詩が書かれた碑を写した写真である。
「青い黒板」
鉛筆が買えなくなっても
指で書くから いい
ノートブックがなくても
空に書くから いい
算数の式も 読本の字も
図画も綴方の文章も
みんな 指で空に書く
ぼくたちに鉛筆やノートブックの
買える日がくるまで
しずかに空の黒板に向かって
指のチョークで 勉強しよう
空の黒板はひろくて たのしい
日本中のぼくたちが書いても
書き切れないだろう
毎日 雲がまっさおに
それをぬぐってくれる
山形県西村山郡西川町岩根沢の廃校になって間もない岩根沢小学校の校庭に、青空を背景にしてこの詩が掲げられていた。
子どもたちを励まし、大らかな、希望を抱かせる詩である。
詩人の名前は丸山薫。
妻の祖母の弟である。
戦争末期の昭和20年4月に岩根沢に疎開し、3年間を過ごしている。このうち2年間、この岩根沢小学校で代用教員を務めたのである。
山形の友人と話している時、ひょんなことから丸山薫の名前が出た。妻の血筋なのだというと友人が驚いて、叔父に当たる人が丸山薫と親交があり、記念館の設立にも奔走したと聞いて、今度はこちらがびっくりした。

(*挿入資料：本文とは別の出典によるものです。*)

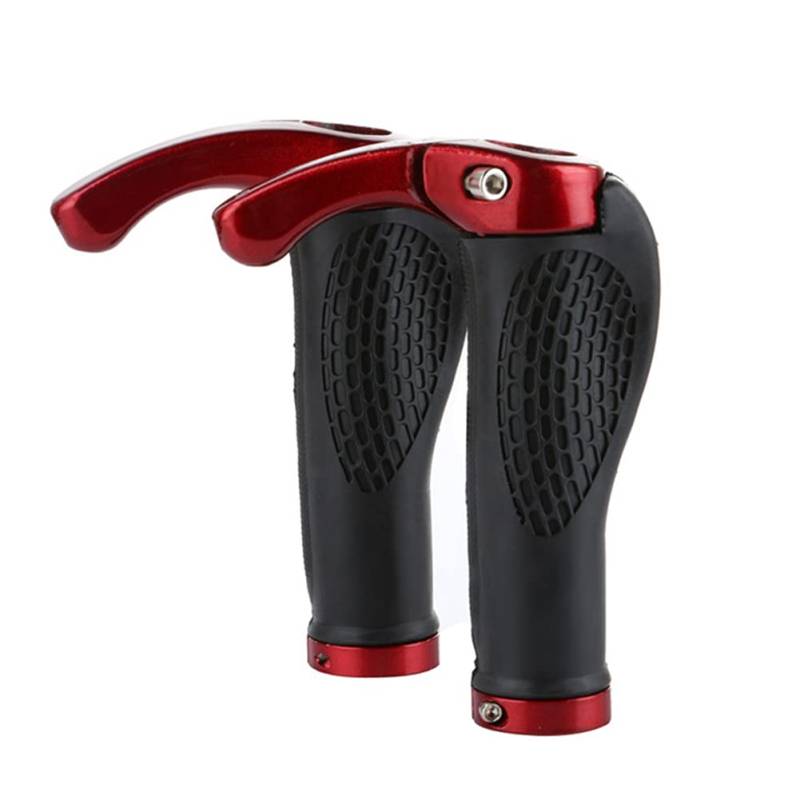 ihreesy Fahrrad Lenkergriffe,Gummi MTB Fahrradgriffe Lenkergriffe Rutschfeste Fahrradlenker Komfortable Fahrrad Lenkerendgriffe für Fahrrad MTB Radfahren,Rot von ihreesy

1昨年の6月、案内してもらって岩根沢を訪れた時に写したものの中の1枚に写っていた。
岩根沢は出羽三山の月山に続く山腹のへき地にあった。
山形県内でも有数の豪雪地帯であるらしい。
この小学校で丸山薫は児童たちに詩の楽しさを教えてゆく。
そして今でも心根が残されていて、丸山薫記念館が主催して詩のコンクールが行われていることを知った。
記念館に掲げられている詩の数々は、どれも瑞々しい感性に溢れたものばかりで、しかも純朴な様子がよく伝わってきて、素直な目で自然や世の中や周りの人々を描いている作品が多いのに目を見張らされた。
山里の子どもたちというのはかくも感性を磨かれて暮らしているのか、と驚かされたものである。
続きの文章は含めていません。